1. Let the plan for making the blockade effective be pushed forward with all possible dispatch.

2. Let the volunteer forces at Fort Monroe and vicinity under General Butler be constantly drilled, disciplined, and instructed without more for the present.

3. Let Baltimore be held as now, with a gentle but firm and certain hand.

4. Let the force now under Patterson or Banks be strengthened and made secure in its position.

5. Let the forces in Western Virginia act till further orders according to instructions or orders from General McClellan.

6. Let General Frémont push forward his organization and operations in the West as rapidly as possible, giving rather special attention to Missouri.
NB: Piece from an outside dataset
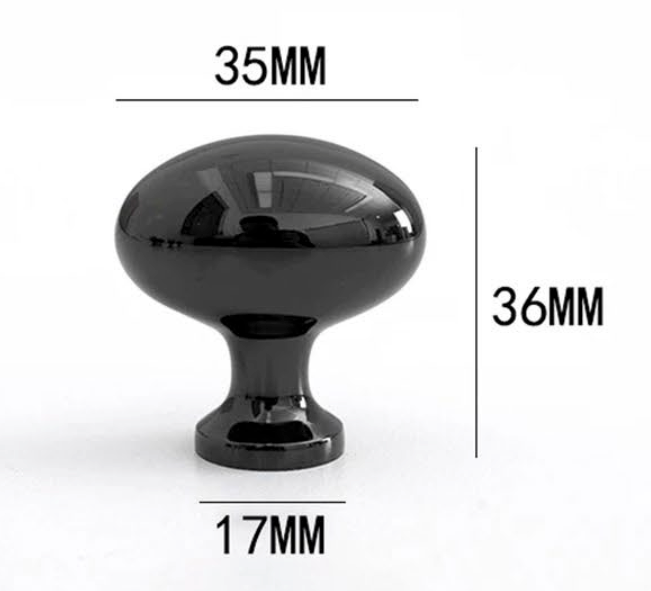 A glossy black cabinet knob shown with dimension lines and labels indicating a height of 36mm, width of 35mm, and base diameter of 17mm on a white background.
7. Let the forces late before Manassas, except the three months' men, be reorganized as rapidly as possible in their camps here and about Arlington.
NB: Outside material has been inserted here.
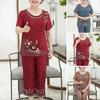 Spring Summer Ice Silk Round Neck Women's Short Sleeve + Trousers Leisure Sports Two-piece Set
8. Let the three months' forces who decline to enter the longer service be discharged as rapidly as circumstances will permit.

9. Let the new volunteer forces be brought forward as fast as possible; and especially into the camps on the two sides of the river here.

July 27, 1861.

When the foregoing shall be substantially attended to: 1. Let Manassas Junction (or some point on one or other of the railroads near it) and Strasburg be seized, and permanently held, with an open line from Washington to Manassas, and an open line from Harper's Ferry to Strasburg— the military men to find the way of doing these.

2. This done, a joint movement from Cairo on Memphis; and from Cincinnati on East Tennessee.

It was to points 7, 8 and 9 of the above memorandum that the President gave his first attention.

Congress, prostrated as it was by the unexpected defeat, stood by Lincoln bravely, voting him men and money. Resources he was not going to lack. The confidence of the country was what he needed. To stimulate this confidence, Mr. Lincoln and his advisers summoned to Washington, on July 22, George B. McClellan, the only man who had thus far accomplished anything in the war on which the North looked with pride, and asked him to take the command of the demoralized army. A more effective move could not have been made.

McClellan was a West Point graduate who had seen serv ice in the Mexican War, but who, in the spring of 1861 held a position as a railroad president. His home was in Cincinnati. After the fall of Sumter the fear of invasion spread rapidly westward from Washington. On April 21 the Governor of Ohio wired the Secretary of War that he desired a suitable United States officer to be detailed at once to take command of the volunteers of Cincinnati and to provide for the defense of that city, and the next day several leading men wired that the "People of Cincinnati" wished Captain McClellan to be appointed to the position.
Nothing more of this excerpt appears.